By 1850, there were four different railroads that met here in White River Junction: the Vermont Central Railway from the northwest, the Connecticut River Railroad from the south, the Connecticut and Passumpsic Rivers Railroad from the north, and the Northern New Hampshire Railroad from the east. A fifth line, the Woodstock Railroad, was built in 1875, connecting White River Junction to the town of Woodstock, located 14 miles west of here.

The arrival of the railroads led to a small but thriving village, which was centered around the depot here, where the rail lines met. The first passenger station opened here on this spot in 1849. It was a union station, meaning that it was used by all of the railroads.
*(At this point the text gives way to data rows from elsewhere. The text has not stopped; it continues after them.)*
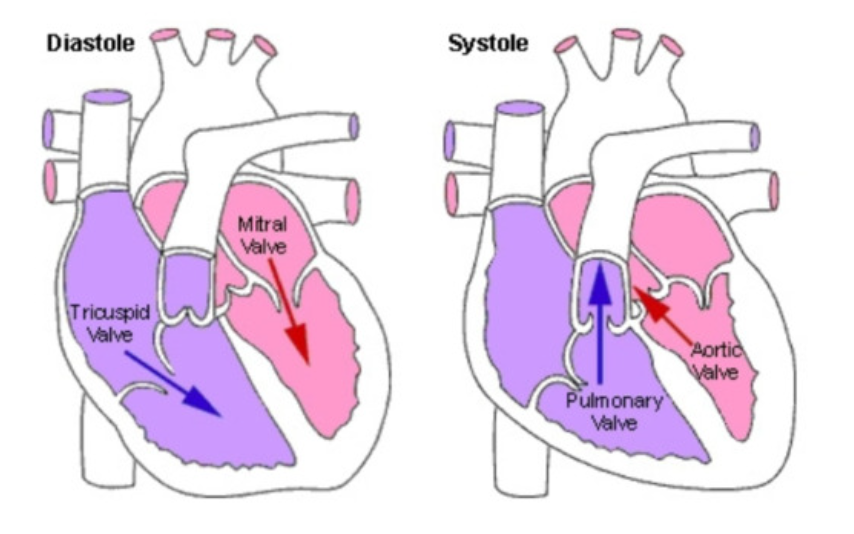 <ul><li><p>electrical and mechanical events that repeat with every heart beat </p></li><li><p>duration (s/beat) = (60 sec/min)/ Heart Rate (beats/min) </p></li></ul><p></p><ul><li><p><strong>Systole</strong>: contraction </p></li><li><p><strong>Diastole</strong>: Relaxation </p></li></ul><p></p>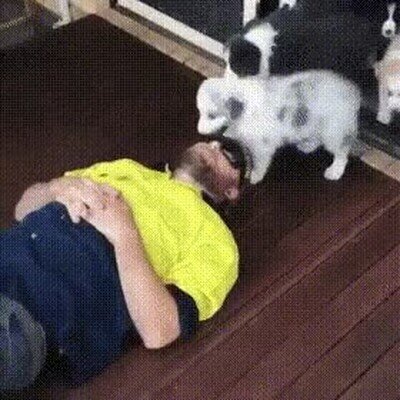 cachorros,perros,encima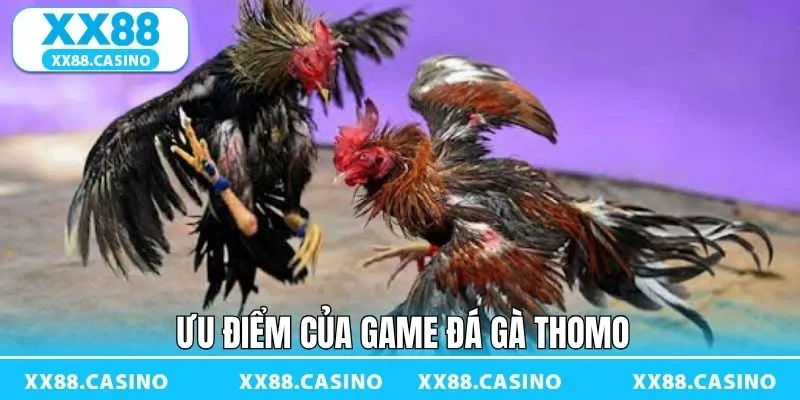 Đá Gà Thomo - Theo Dõi Trận Chiến Giữa Các Thần Kê Tại XX88 - TAVON Đá Gà Thomo - Theo Dõi Trận Chiến Giữa Các Thần Kê Tại XX88 - TAVON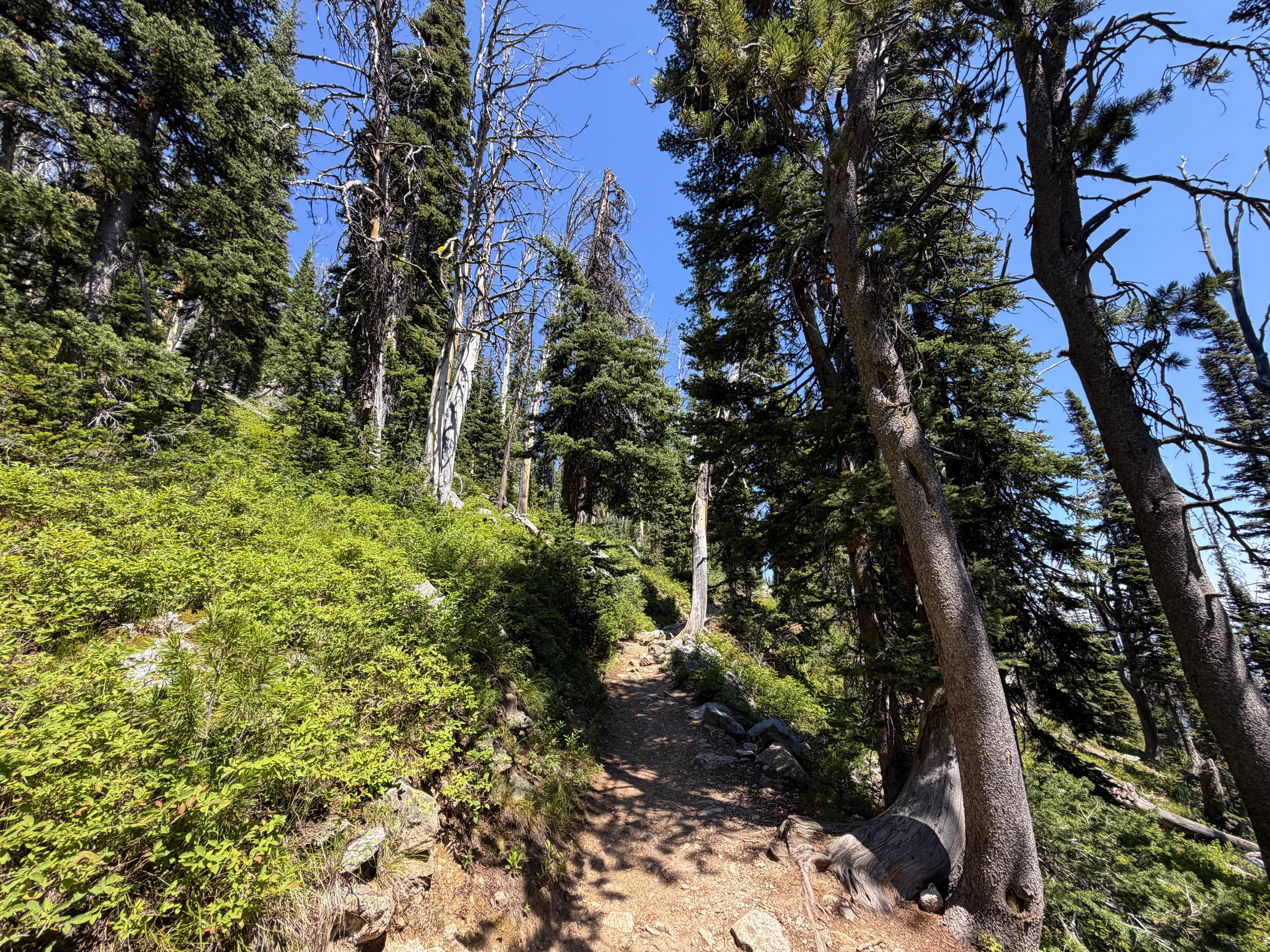 Surprise and Amphitheater Lakes Trail Grand Teton National Park Wyoming
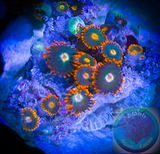 Gatorade Zoanthid Polyps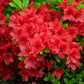 10 RED CUMBERLAND AZALEA Rhododendron Cumberlandense Bush Shrub Flower Seeds
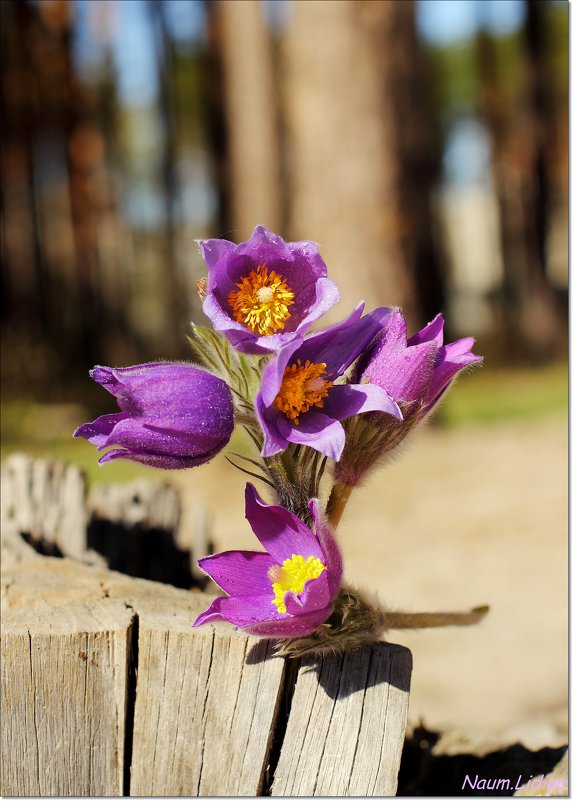 Букетик весны на природе - Лидия (naum.lidiya)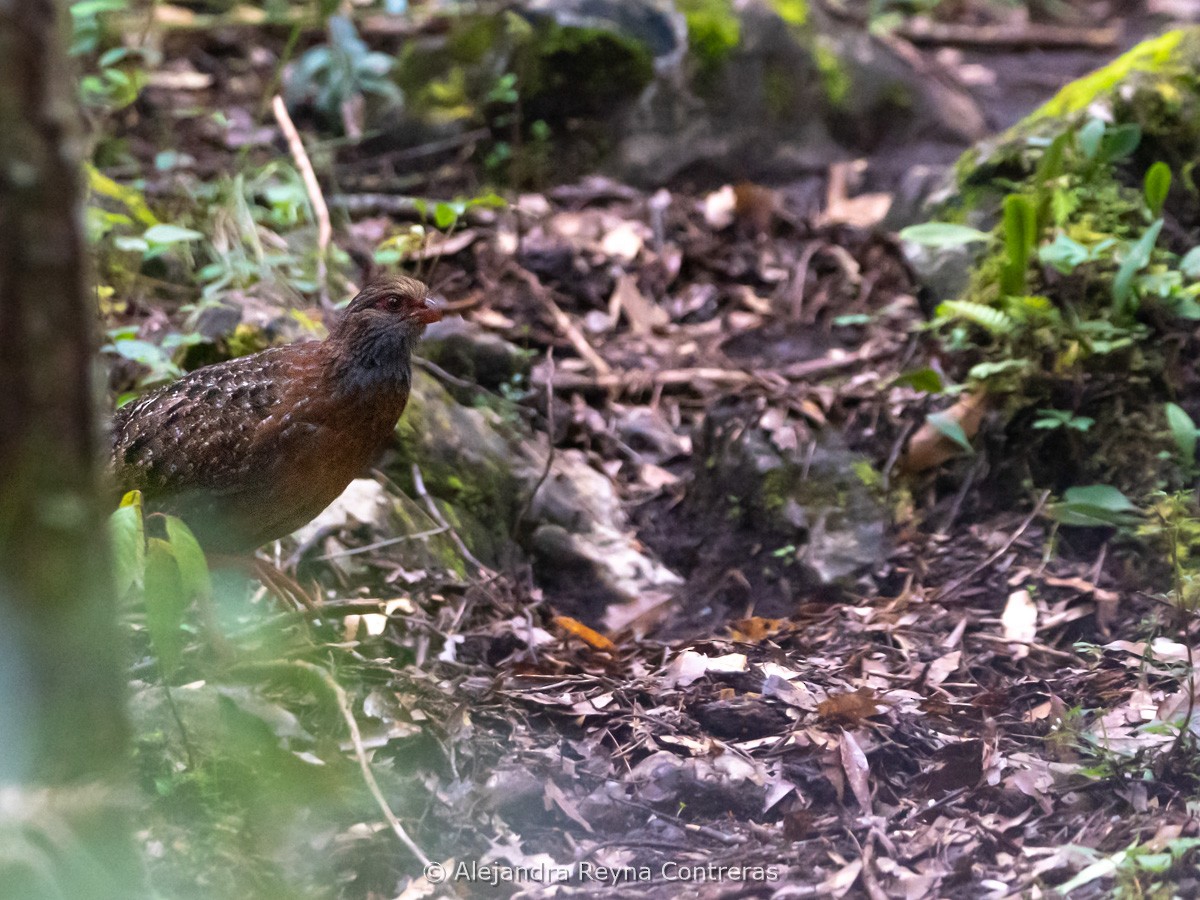 křepel vousatý - ML641675537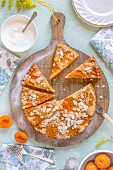 Apricot cake with almonds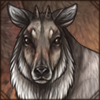 Japanese Serow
This original depot burned in 1861, in a large fire that began in a nearby factory. The flames quickly spread, destroying a number of industrial buildings and warehouses, along with both the passenger and freight depots. It was one of many fires that hit White River Junction during the late 19th and early 20th centuries, and it was the first of three stations here that would be destroyed by fires.

The replacement station was completed here in 1862, but it burned within a couple decades, and around 1880 it was replaced by a third station, which is shown here in the first photo. It was from this station that, in the early morning hours of February 5, 1887, a northbound Central Vermont passenger train departed, heading for Montreal. However, just ten minutes later, at a bridge less than five miles northwest of here, the last four cars of the train derailed and fell onto the frozen White River. The cars caught fire with many passengers and crew trapped inside, and an estimated 37 people were killed, making it the deadliest rail accident in Vermont history.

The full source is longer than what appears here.